[EXERCISE GOAL]
Please give back word for word the lines of the material below between the line containing "11 Whole House" and the line containing "a bedroom with a large bed and", inclusive.

[EXCERPTED DATA]
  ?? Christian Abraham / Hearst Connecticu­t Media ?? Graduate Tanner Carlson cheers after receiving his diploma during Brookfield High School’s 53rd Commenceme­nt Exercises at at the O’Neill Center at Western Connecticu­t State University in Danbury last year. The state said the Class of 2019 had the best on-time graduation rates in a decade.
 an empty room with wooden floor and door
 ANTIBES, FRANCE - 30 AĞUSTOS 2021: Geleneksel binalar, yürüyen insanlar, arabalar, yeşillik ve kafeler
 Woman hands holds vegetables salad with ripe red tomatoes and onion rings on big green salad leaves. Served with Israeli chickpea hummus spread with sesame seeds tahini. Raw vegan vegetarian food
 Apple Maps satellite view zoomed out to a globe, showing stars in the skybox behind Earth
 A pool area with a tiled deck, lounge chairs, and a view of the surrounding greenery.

--

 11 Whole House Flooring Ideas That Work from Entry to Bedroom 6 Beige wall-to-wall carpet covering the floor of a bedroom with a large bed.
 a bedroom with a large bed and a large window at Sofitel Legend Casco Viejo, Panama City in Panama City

[ANSWER TO THE PROBLEM]
 11 Whole House Flooring Ideas That Work from Entry to Bedroom 6 Beige wall-to-wall carpet covering the floor of a bedroom with a large bed.
 a bedroom with a large bed and a large window at Sofitel Legend Casco Viejo, Panama City in Panama City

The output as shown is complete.